So, today I woke up a little late, which was kind of stunk because by the time I woke up the father of my host family, Nay Htoo, had already left to go work, so I did not get a chance to talk to him. I felt even worse when I saw that they had made breakfast and coffee for me. I was able to talk to the mom of the family in the morning which was cool, and then she was the one that dropped me off at the church. On the way to the church we were able to talk about her family here in Minnesota as well as her job as a Karen liaison to the public school system, which sounds like an amazing job. She helps students get plugged into schools by helping them fill out their registration and by providing translation between the school staff and the new Karen refugees to the area. We also were able to listen to some "amazing" music, Avril Lavine and Simple Plan, that really took me back to my high school days, which was kind of cool.

After she dropped me off at the church I met up with the rest of the team after they had been dropped off by their host families. Once everyone had made it to the church we met up with Pastor Bill from First Baptist Church (FBC) in St. Paul and he took us to the Vietnamese Social Services (VSS), who are in charge of helping refugees get settled in the Twin Cities areas once they make it to Minnesota. They help them find housing and jobs to work at. At VSS we were able to help out with an English class (ESL) where we helped some Karen people learn a little bit of conversational English and in return they taught us some of the Karen language, which was pretty sweet. The man that I was talking with taught me how to say some simple words/phrases like good day, good morning, bathroom, etc. Then what was kind of cool is he picked up my Bible that was sitting on the table and he had me flip up to Matthew 5:1-8 and then he read to me the Beatitudes, with a little of bit of my help to help him properly pronounce some of the English words. He was only taught up to verse 8, but by the end of our time together we had made it all the way through verse 12 with a pretty good understanding of the text. Then after that he taught me how to say, I love you, God loves me, Lord Jesus loves me, and peace - all in Karen. Something really cool happened between the two of us once we opened up the Bible together. Before we started reading together there was this sort of barrier or wall between the two of us. But once we opened up the Bible together and started reading the words of Jesus that wall was taken down, it was like we were instant friends even though we had lived thousands of miles of way from each other most of our lives and had only known each other personally for a few minutes. It was cool to see the one thing that we had in common unite us as brothers in Christ. Then after we did that we talked about our friends and family. We talked for close to an hour but it seemed like only a few minutes, and it was cool because we were able to talk about so much even though we both spoke two different languages.

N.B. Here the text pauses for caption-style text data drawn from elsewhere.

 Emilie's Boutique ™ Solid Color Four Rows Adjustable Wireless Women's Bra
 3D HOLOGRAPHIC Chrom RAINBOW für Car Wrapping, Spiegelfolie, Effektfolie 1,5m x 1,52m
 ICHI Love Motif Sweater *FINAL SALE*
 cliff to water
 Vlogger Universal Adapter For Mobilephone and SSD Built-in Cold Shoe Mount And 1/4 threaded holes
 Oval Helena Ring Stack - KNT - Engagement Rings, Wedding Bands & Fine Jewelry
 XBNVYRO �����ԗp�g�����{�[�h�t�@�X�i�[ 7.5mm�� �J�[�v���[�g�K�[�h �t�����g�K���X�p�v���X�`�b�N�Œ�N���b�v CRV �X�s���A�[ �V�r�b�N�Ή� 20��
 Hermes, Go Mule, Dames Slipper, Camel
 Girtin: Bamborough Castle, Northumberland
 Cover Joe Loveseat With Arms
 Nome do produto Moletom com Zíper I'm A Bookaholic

Once we were done talking with the Karen at the ESL class we went out to lunch and then visited a small park by the Mississippi River where we took a team picture before we headed off to go visit a Catholic Cathedral located here in St. Paul, Minnesota. The cathedral was absolutely gorgeous. It put me into a state of awe both for such an amazing building but also for the God who is being worshipped there. It has to be absolutely amazing to be able to praise God there on a weekly basis, I am almost jealous of the people who have such a privilege. The inside of the Cathedral is just so breath taking with all of the statues, the colorful and intricate stain glass windows, the paintings, statues, and amazing stonework. I mean all of the thought that went into the designing and building of the church is mind boggling. To be honest though words really cannot properly describe the cathedral, so I apologize, but you all will have to come see it for yourself here in St. Paul. I promise you will not be disappointed.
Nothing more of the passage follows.